= Beginning of Section =

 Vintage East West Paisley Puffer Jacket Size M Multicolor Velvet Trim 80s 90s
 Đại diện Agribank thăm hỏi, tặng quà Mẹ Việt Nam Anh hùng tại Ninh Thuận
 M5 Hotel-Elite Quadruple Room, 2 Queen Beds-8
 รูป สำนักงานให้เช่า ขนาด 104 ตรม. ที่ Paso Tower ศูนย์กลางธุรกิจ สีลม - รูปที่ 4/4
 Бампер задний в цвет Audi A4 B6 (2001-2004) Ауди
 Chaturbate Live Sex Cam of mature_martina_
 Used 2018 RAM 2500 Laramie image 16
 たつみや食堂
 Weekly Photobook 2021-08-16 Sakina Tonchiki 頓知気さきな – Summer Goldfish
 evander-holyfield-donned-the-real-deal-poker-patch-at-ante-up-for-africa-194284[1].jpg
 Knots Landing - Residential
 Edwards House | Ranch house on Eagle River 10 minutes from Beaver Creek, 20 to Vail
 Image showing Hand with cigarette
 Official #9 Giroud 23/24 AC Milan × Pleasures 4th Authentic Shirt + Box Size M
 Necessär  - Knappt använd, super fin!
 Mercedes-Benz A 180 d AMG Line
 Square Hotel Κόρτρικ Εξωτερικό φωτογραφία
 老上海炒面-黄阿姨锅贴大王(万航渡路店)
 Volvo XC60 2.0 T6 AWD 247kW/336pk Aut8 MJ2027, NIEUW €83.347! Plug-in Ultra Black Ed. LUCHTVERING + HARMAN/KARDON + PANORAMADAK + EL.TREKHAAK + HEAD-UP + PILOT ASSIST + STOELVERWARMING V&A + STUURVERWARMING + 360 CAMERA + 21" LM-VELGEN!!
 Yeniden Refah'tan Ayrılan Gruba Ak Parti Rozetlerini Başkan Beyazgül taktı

= End of Section =

**Directions for this task**
Every record must appear in the answer exactly as it does above.

**Result of the task**
 Vintage East West Paisley Puffer Jacket Size M Multicolor Velvet Trim 80s 90s
 Đại diện Agribank thăm hỏi, tặng quà Mẹ Việt Nam Anh hùng tại Ninh Thuận
 M5 Hotel-Elite Quadruple Room, 2 Queen Beds-8
 รูป สำนักงานให้เช่า ขนาด 104 ตรม. ที่ Paso Tower ศูนย์กลางธุรกิจ สีลม - รูปที่ 4/4
 Бампер задний в цвет Audi A4 B6 (2001-2004) Ауди
 Chaturbate Live Sex Cam of mature_martina_
 Used 2018 RAM 2500 Laramie image 16
 たつみや食堂
 Weekly Photobook 2021-08-16 Sakina Tonchiki 頓知気さきな – Summer Goldfish
 evander-holyfield-donned-the-real-deal-poker-patch-at-ante-up-for-africa-194284[1].jpg
 Knots Landing - Residential
 Edwards House | Ranch house on Eagle River 10 minutes from Beaver Creek, 20 to Vail
 Image showing Hand with cigarette
 Official #9 Giroud 23/24 AC Milan × Pleasures 4th Authentic Shirt + Box Size M
 Necessär  - Knappt använd, super fin!
 Mercedes-Benz A 180 d AMG Line
 Square Hotel Κόρτρικ Εξωτερικό φωτογραφία
 老上海炒面-黄阿姨锅贴大王(万航渡路店)
 Volvo XC60 2.0 T6 AWD 247kW/336pk Aut8 MJ2027, NIEUW €83.347! Plug-in Ultra Black Ed. LUCHTVERING + HARMAN/KARDON + PANORAMADAK + EL.TREKHAAK + HEAD-UP + PILOT ASSIST + STOELVERWARMING V&A + STUURVERWARMING + 360 CAMERA + 21" LM-VELGEN!!
 Yeniden Refah'tan Ayrılan Gruba Ak Parti Rozetlerini Başkan Beyazgül taktı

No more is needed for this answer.